Problem description: Please quote exactly the lines below from the line containing "Na ceia de Natal" to the line containing "Aquafibre 33 - Rainbow", both lines included, and nothing else.

Web page caption snippets:
● ● ● ● ● ● ●

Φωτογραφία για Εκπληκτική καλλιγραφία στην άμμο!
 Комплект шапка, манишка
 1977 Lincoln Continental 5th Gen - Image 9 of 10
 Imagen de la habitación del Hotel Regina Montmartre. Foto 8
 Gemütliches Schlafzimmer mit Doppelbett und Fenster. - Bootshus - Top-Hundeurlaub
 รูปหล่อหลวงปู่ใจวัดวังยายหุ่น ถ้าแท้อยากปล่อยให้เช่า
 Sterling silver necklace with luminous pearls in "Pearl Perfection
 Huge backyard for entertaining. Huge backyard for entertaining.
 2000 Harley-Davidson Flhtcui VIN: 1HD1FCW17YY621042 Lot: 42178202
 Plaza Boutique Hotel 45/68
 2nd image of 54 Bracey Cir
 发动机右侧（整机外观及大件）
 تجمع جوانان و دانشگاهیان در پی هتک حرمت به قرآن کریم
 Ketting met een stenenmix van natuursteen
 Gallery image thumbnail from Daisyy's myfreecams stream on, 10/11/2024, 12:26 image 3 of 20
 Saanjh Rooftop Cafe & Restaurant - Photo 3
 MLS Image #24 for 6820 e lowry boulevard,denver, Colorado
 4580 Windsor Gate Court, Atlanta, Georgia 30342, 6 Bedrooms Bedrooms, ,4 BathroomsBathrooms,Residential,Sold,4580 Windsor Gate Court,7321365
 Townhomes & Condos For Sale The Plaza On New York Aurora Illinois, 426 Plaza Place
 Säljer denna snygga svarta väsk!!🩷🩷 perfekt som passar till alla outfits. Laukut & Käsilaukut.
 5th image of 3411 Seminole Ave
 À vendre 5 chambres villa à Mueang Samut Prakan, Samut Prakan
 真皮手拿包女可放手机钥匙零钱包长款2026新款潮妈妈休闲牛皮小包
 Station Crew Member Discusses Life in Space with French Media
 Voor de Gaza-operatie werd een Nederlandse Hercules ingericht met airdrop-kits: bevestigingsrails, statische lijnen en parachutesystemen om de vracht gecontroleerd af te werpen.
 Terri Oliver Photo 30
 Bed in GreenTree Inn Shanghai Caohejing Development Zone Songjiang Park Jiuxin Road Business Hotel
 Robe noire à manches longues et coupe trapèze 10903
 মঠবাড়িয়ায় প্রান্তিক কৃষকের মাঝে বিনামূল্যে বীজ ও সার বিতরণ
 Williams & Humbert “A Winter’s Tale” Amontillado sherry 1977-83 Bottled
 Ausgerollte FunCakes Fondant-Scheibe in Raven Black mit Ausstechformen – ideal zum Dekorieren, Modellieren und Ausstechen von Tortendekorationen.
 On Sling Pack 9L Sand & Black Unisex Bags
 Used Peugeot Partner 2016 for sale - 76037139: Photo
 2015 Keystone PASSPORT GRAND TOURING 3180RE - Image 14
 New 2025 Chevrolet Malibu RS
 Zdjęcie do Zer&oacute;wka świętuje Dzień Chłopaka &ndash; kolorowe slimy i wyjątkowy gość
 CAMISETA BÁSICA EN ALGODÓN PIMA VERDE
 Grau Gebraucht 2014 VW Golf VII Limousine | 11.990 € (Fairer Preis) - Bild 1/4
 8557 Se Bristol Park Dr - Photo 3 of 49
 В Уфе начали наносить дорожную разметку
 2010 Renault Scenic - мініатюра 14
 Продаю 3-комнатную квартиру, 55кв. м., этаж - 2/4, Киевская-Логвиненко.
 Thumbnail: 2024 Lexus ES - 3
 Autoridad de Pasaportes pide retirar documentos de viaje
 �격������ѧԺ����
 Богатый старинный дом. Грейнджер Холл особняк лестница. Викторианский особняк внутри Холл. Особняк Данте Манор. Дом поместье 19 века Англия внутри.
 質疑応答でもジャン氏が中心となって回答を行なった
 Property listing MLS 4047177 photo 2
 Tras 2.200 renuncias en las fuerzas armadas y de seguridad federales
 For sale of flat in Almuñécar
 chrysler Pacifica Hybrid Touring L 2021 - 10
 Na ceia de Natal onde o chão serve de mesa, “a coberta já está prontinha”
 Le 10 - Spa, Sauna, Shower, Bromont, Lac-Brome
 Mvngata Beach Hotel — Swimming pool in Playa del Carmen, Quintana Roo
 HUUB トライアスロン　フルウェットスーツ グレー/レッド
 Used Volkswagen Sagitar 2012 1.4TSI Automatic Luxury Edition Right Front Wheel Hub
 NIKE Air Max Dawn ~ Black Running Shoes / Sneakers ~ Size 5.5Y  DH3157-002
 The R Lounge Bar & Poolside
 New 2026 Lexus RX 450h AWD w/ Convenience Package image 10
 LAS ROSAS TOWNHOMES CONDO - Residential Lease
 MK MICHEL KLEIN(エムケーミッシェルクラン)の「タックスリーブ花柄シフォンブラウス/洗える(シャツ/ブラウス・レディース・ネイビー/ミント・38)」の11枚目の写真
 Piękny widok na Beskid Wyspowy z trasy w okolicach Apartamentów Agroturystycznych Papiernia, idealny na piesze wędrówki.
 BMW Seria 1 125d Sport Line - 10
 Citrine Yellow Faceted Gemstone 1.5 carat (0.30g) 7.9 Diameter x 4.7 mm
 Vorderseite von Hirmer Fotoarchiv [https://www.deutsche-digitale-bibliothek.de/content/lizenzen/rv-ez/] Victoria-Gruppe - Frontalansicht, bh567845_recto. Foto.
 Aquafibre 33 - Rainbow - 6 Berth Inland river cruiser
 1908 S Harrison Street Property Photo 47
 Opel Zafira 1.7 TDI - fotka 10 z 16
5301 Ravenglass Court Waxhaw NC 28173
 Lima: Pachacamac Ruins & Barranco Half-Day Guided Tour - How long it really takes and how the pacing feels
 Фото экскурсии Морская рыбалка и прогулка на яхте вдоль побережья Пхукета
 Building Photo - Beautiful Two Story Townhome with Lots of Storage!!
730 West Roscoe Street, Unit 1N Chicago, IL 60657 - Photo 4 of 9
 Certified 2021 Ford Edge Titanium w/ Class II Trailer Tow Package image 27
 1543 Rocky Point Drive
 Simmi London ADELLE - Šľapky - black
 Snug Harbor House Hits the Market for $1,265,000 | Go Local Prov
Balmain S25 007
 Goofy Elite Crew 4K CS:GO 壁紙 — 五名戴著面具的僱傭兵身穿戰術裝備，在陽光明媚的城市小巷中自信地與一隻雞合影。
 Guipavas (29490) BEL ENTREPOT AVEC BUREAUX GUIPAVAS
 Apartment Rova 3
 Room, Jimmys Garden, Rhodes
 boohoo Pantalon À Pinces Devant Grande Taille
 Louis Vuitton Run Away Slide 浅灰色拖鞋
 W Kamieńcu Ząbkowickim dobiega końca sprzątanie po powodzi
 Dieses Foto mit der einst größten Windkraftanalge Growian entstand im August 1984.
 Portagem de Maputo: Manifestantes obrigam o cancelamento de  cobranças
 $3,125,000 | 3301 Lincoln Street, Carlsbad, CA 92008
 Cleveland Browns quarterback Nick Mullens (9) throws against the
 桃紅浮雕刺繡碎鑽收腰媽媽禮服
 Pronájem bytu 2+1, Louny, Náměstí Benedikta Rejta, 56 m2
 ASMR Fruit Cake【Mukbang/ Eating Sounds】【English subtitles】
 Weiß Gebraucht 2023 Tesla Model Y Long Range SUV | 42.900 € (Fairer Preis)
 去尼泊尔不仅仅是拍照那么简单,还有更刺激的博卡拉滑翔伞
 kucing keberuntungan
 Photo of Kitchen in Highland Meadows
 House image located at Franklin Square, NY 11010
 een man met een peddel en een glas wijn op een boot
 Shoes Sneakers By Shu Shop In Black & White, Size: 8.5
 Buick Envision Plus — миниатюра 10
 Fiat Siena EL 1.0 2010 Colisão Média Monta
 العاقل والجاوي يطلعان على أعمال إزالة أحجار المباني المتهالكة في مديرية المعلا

● ● ● ● ● ● ●

Written solution:
 Na ceia de Natal onde o chão serve de mesa, “a coberta já está prontinha”
 Le 10 - Spa, Sauna, Shower, Bromont, Lac-Brome
 Mvngata Beach Hotel — Swimming pool in Playa del Carmen, Quintana Roo
 HUUB トライアスロン　フルウェットスーツ グレー/レッド
 Used Volkswagen Sagitar 2012 1.4TSI Automatic Luxury Edition Right Front Wheel Hub
 NIKE Air Max Dawn ~ Black Running Shoes / Sneakers ~ Size 5.5Y  DH3157-002
 The R Lounge Bar & Poolside
 New 2026 Lexus RX 450h AWD w/ Convenience Package image 10
 LAS ROSAS TOWNHOMES CONDO - Residential Lease
 MK MICHEL KLEIN(エムケーミッシェルクラン)の「タックスリーブ花柄シフォンブラウス/洗える(シャツ/ブラウス・レディース・ネイビー/ミント・38)」の11枚目の写真
 Piękny widok na Beskid Wyspowy z trasy w okolicach Apartamentów Agroturystycznych Papiernia, idealny na piesze wędrówki.
 BMW Seria 1 125d Sport Line - 10
 Citrine Yellow Faceted Gemstone 1.5 carat (0.30g) 7.9 Diameter x 4.7 mm
 Vorderseite von Hirmer Fotoarchiv [https://www.deutsche-digitale-bibliothek.de/content/lizenzen/rv-ez/] Victoria-Gruppe - Frontalansicht, bh567845_recto. Foto.
 Aquafibre 33 - Rainbow - 6 Berth Inland river cruiser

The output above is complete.